I've seen them around on the internet over the past few years. Never seen one in person. I bet if you put in the effort you could fiberglass something like that to a stock airbox.
 
anyone ever ever see the ram air setup for street

Nope, at least I haven't. I've only seen this one from the XB9RR. I have seen one on eBay before (again, this same exact piece, not an aftermarket "street" set up).

Looks cool but I wonder if it actually does that much extra? are there any numbers on it anywhere?

Nope, your not gonna find any exact "numbers" anywhere. That bike is the XB9RR, it was a XB re-desiged from the ground up to be a RACE bike. Hell, even the engine shares only a hand full of small parts with our production bikes. I highly doubt the race team would waste time testing an intake like that when it is a "no Brainer" that putting the intake inlet in one of the highest pressure zones of a bike that it would work. Would their be noticeable gains on a street bike? Probably not much at all below 50 MPH, and even above that not much.
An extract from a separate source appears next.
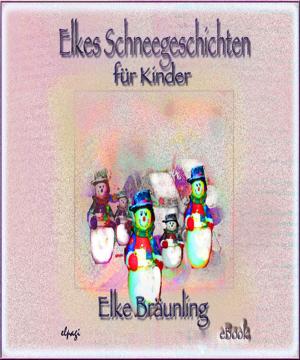 Cover of the book Elkes Schneegeschichten für Kinder by Elke Bräunling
And the gain wouldn't be from any sort of "Ramming" effect. It would only be a gain from an intake that was placed near engine heat or having an intake in a turbulent low pressure zone (like behind our gas caps or those silly aftermarket air box scoops).
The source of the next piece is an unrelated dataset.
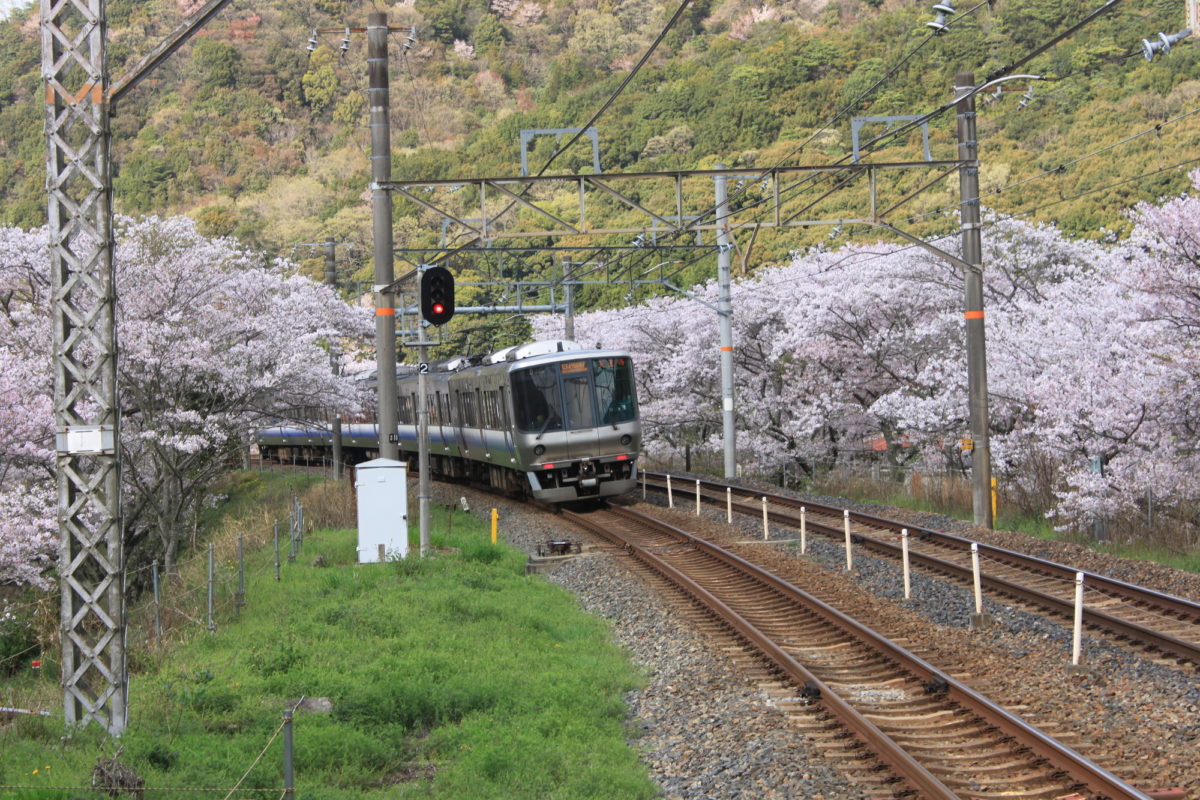 山中渓駅へ続く桜並木を通る電車（Train running on a row of cherry trees approaching to Yamanakadani Station）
"Ram AIR" is a miss-used term and misunderstood theory and gets thrown around by shade tree Mechanics and some gear heads who know just enough to be wrong. It's a myth. You won't see any "Ram Air" at any speeds that a typical land vehicle is capable of. Nope, NONE. It does however make sense to place an intake inlet near an aerodynamic high pressure zone as opposed to a low pressure zone. Also away from any radiant heat.

~Mike....
 
Nope, your not gonna find any exact "numbers" anywhere. That bike is the XB9RR, it was a XB re-desiged from the ground up to be a RACE bike. Hell, even the engine shares only a hand full of small parts with our production bikes. I highly doubt the race team would waste time testing an intake like that when it is a "no Brainer" that putting the intake inlet in one of the highest pressure zones of a bike that it would work. Would their be noticeable gains on a street bike? Probably not much at all below 50 MPH, and even above that not much. And the gain wouldn't be from any sort of "Ramming" effect. It would only be a gain from an intake that was placed near engine heat or having an intake in a turbulent low pressure zone (like behind our gas caps or those silly aftermarket air box scoops).

"Ram AIR" is a miss-used term and misunderstood theory and gets thrown around by shade tree Mechanics and some gear heads who know just enough to be wrong. It's a myth. You won't see any "Ram Air" at any speeds that a typical land vehicle is capable of. Nope, NONE. It does however make sense to place an intake inlet near an aerodynamic high pressure zone as opposed to a low pressure zone. Also away from any radiant heat.
what is it called then ???? The tubes over the handle bars. they seem to be some kinda AIR intake My Bad AIR intake is that over used
 
I looove the personality of that engine.

It revs so quick for a 45 deg. pushrod twin.